This is not your father’s venture capital fund.
Thanks to an atypical legal structure, the GRA Venture Fund—which recently raised $18.75 million in its first round of fundraising—can operate with a lower cost structure, offer investors state tax credits and offer more hands-on management by board members.
The GRA Venture Fund is part of the Georgia Research Alliance and its program designed to let the state partner with private investors to provide early-stage financing to start-up companies that grow out of the research and inventions created by the state’s universities.
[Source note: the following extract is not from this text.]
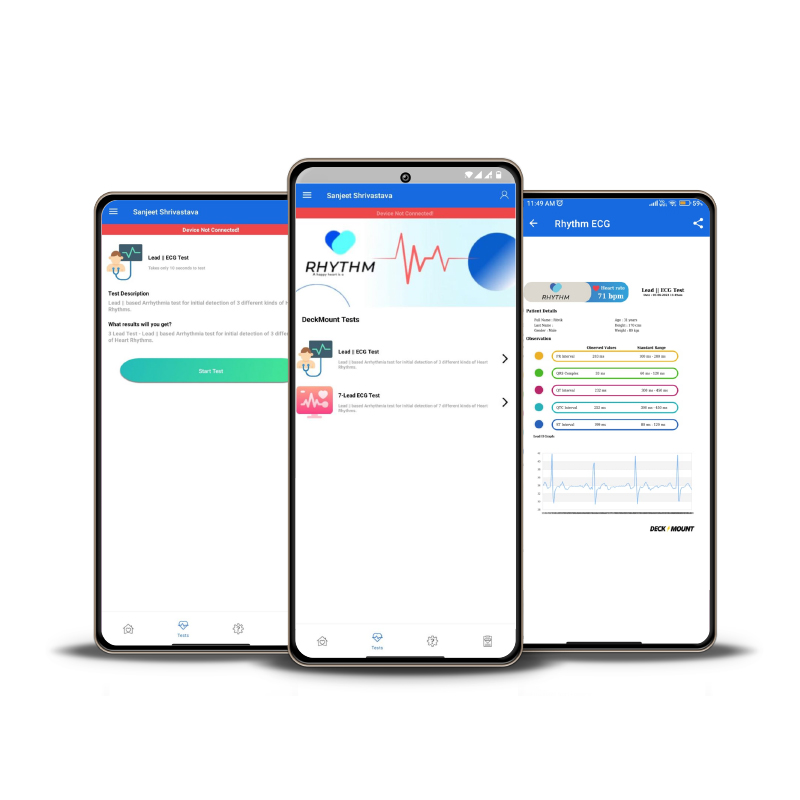 Rhythm Pocket ECG - Image 4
Its focus is on technology projects, with a likely emphasis on vaccines, according to David S. Phillips [photo, below right], a partner at Jones Day who, along with colleagues Milford B. Hatcher Jr. and John E. Zamer, advised both GRA and the fund.
But while funds such as this are not unique—other states, including Florida, have them, too—from a legal standpoint, said Phillips, “It’s really a different sort of animal.”
Unlike a typical venture capital fund, according to Phillips, the GRA Venture Fund has no general partner and no carried interest. In a typical fund set
up, the general partner manages the fund and raises money for it in exchange for a 20 percent cut of the profits, referred to as carried interest.
To avoid those costs, Phillips said his team structured the fund as a limited liability company, or LLC, rather than as the more typical limited partnership.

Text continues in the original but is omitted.